GP1 and GP2 also demonstrate good predictive accuracy on phonon frequencies, which were also not included in their training set (Fig. 4 and Table 3). On average, GP2 outperforms all other models on phonon frequencies used for testing, with a mean absolute error of 2.0%, and it also outperforms EAM1 on the phonon frequencies on which EAM1 was trained. GP1 does not do as well as GP2 on phonon frequencies, performing on average slightly better than EAM2 but worse than EAM1 and CuNi. The difference in the performance of GP1 and GP2 on phonons is evident in their calculated phonon dispersion curves (Fig. 4). The strong performance of GP2 on phonon frequencies and elastic constants suggests that it does well at capturing the curvature of local minima on the potential energy surface, but it may not do as well in states away from the local minima, such as the vacancy formation energy of an unrelaxed 2 × 2 × 2 fcc unit cell (Table 3).

Both GP1 and GP2 perform better than the other models for the formation energy of a dumbbell defect. The absolute errors for GP1 and GP2 are only 49 meV and 56 meV, respectively, as compared to an absolute prediction error of 250 meV for the ABCHM model (Table 3). Of the three models that included the dumbbell defect formation energy in their training data, the best has an absolute error that is about twice that of the absolute prediction error of GP2 (Supplementary Table S4). On the other hand, both GP1 and GP2 underestimate the formation energy of a stable intrinsic stacking fault (see Supplementary Information for details) to a greater extent than the other models that report a comparison to this value. The largest absolute error, 29 mJ/m² for GP1, is 10.2 meV/atom along the (111) plane of the fault. GP1 and GP2 similarly underestimate the formation energy of an unstable stacking fault, but it is hard to assess how this compares to other models as none of the other models reports a benchmark value for the unstable stacking fault energy.

EAM-type models are well known to underpredict surface energies. Surface energies predicted by EAM-type models trained on ab-initio calculations for copper are about 40–50% below their target values for the (100), (110) and (111) surfaces (Supplementay Table S6). In contrast, GP1 underpredicts these surface energies by only 8%, 1%, and 5% respectively, and GP2 underpredicts them by 14%, 10%, and 10%, respectively (Fig. 5). For potentials that use experimental data for their target values, evaluating performance in calculating surface energies is more difficult as only the average value of experimental surface energies is available.^54,55,56 To make this comparison we have calculated weighted average surface energies over 13 different low-index surface facets, where the weights are based on the relative surface areas in Wulff constructions (details are provided in the Supplementary Information).⁵⁷ EAM1 and Cuu3 underpredict the weighted surface energies by about 30%, and CuNi overpredicts the weighted surface energies by about 10% (Supplementary Table S6).⁵⁸ GP1 underpredicts the weighted surface energies by 8% and GP2 by 13%. GP1-predicted surface energies are the most accurate of any of the evaluated EAM-type potential models relative to its target values.
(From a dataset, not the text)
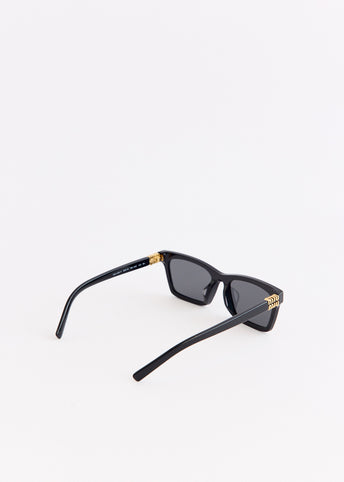 0MU A05SF Sunglasses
The performance of GP1 and GP2 on surface energies is remarkable because there were no surfaces in the training set; this is a case of machine-learning potential models demonstrating extrapolative predictive ability. Similarly, both GP1 and GP2 demonstrated high-predictive accuracy for the dumbbell defect compared to the other models, indicating that they are able to accurately predict energies in both low-coordination and high-coordination environments. There are likely two reasons for the predictive accuracy of these models. The first is that other than SC, GP1, and GP2 are the simplest models considered here, and in general simpler models are less likely to overfit the training data.⁴⁹ A similar trend of simpler models demonstrating greater extrapolative ability was observed by Yunxing et al.¹⁹ in a recent comparison of different types of machine learned potential models. The second reason is that these models were discovered in a hypothesis space designed to contain models resembling those for which there is fundamental physical justification. In general, the more physics can be included in the machine-learning procedure, the more likely it is that a model will have extrapolative predictive power.
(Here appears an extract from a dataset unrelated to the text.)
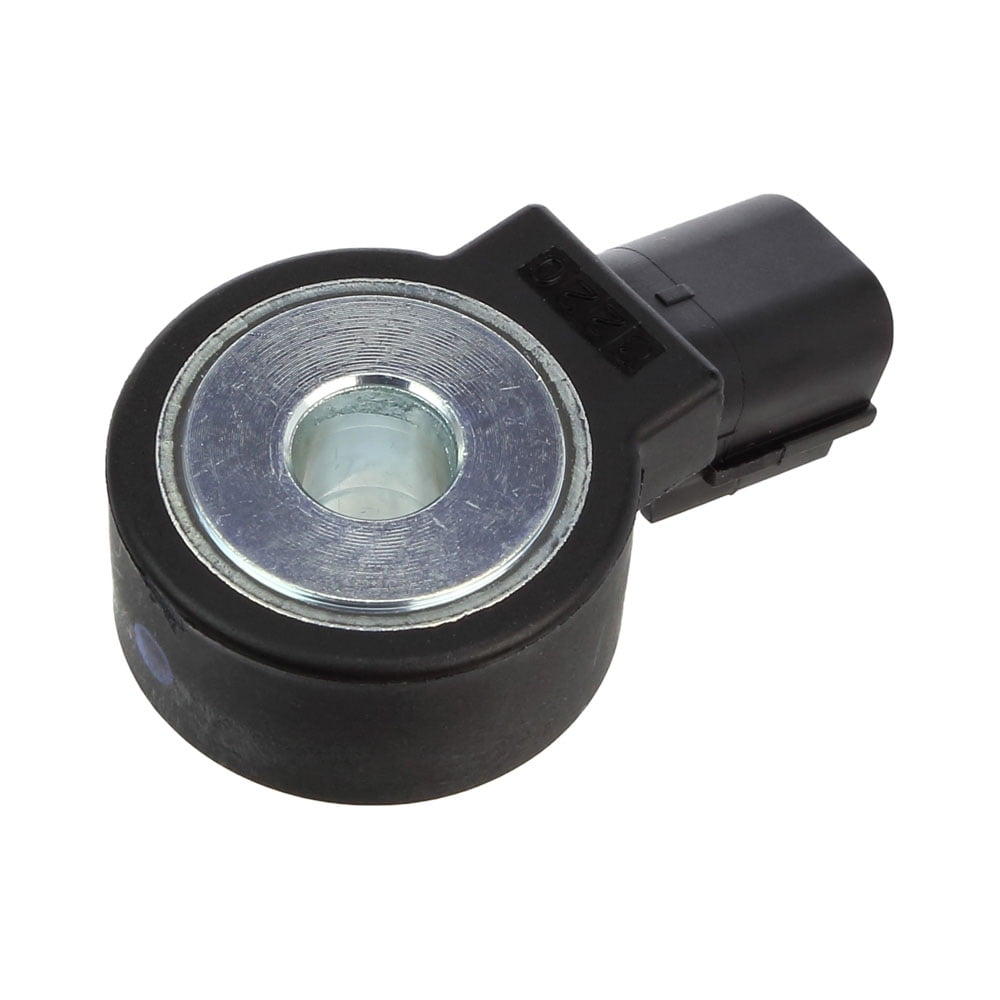 For Honda Accord Pilot Odyssey HR-V Ridgeline Fit Civic CR-V Knock Sensor - BuyAutoParts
When new data are added to the training set, the genetic programming search for new models can build off of what has been previously learned by using known high-performing models to seed the search. As a demonstration of this approach, we have performed an additional search using an augmented training set in which the 13 low-index surfaces (shown in Fig. 5) were added to the training data and always included in the subsets of data used to evaluate candidate models. This search was seeded with GP1 and GP2, and as a result the models it discovered (Supplementary Table S10) had many features in common with these. One of these models, which we label GP3 (Eq. (6)) resembles GP2 but, as expected, demonstrates better performance on surface energies (Fig. 5). The absolute error for the weighted surface energies is 7% for GP3, as compared to 13% for GP2. The equation for GP3, which is slightly simpler than that of GP2, is provided below.
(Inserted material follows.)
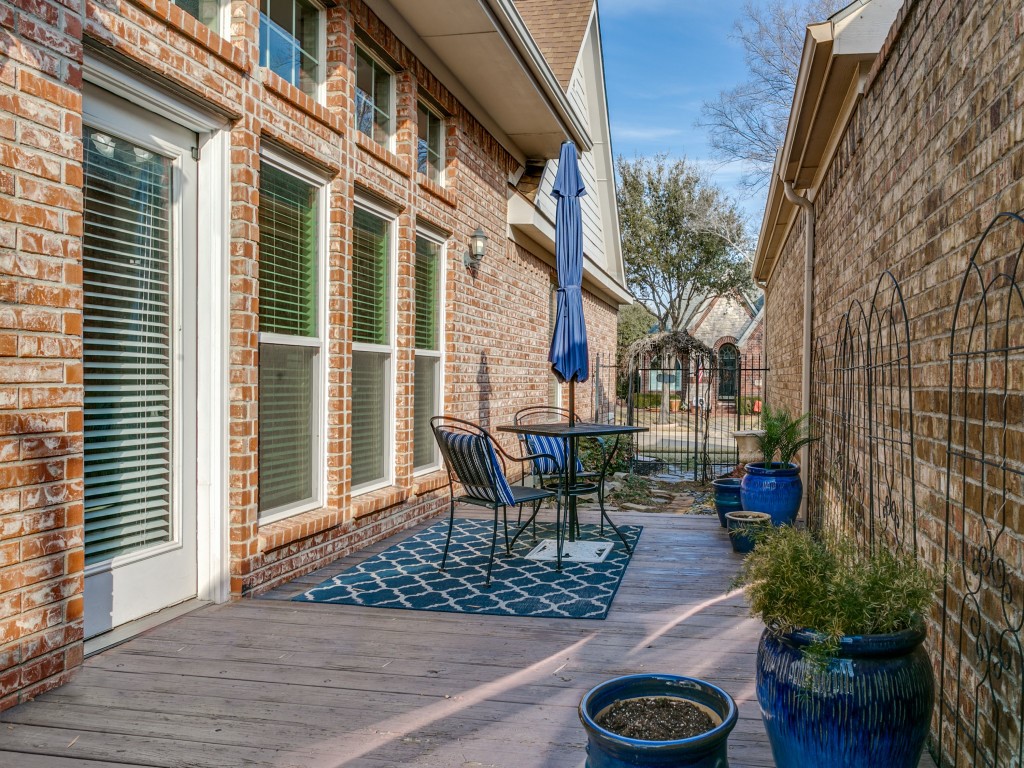 8604 Beetle Nut Lane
$$7.51{\sum} {r^{3.98 - 3.93r}f(r)} + \left( {28.01 - 0.03{\sum} {r^{11.73 - 2.93r}f(r)} } \right)\left( {{\sum} {f(r)} } \right)^{ - 1}$$

(6)

On average, the improved performance on surface energies for GP3 does not significantly affect its performance on the other properties listed in Table 3 compared to GP2. GP3 performs worse on average on elastic constants and phonon frequencies, but significantly better on the dumbbell formation energy and stacking fault energies. It is difficult to assess the extent to which these changes in performance can be attributed to the addition of surfaces to the training data due to the stochastic nature of the search.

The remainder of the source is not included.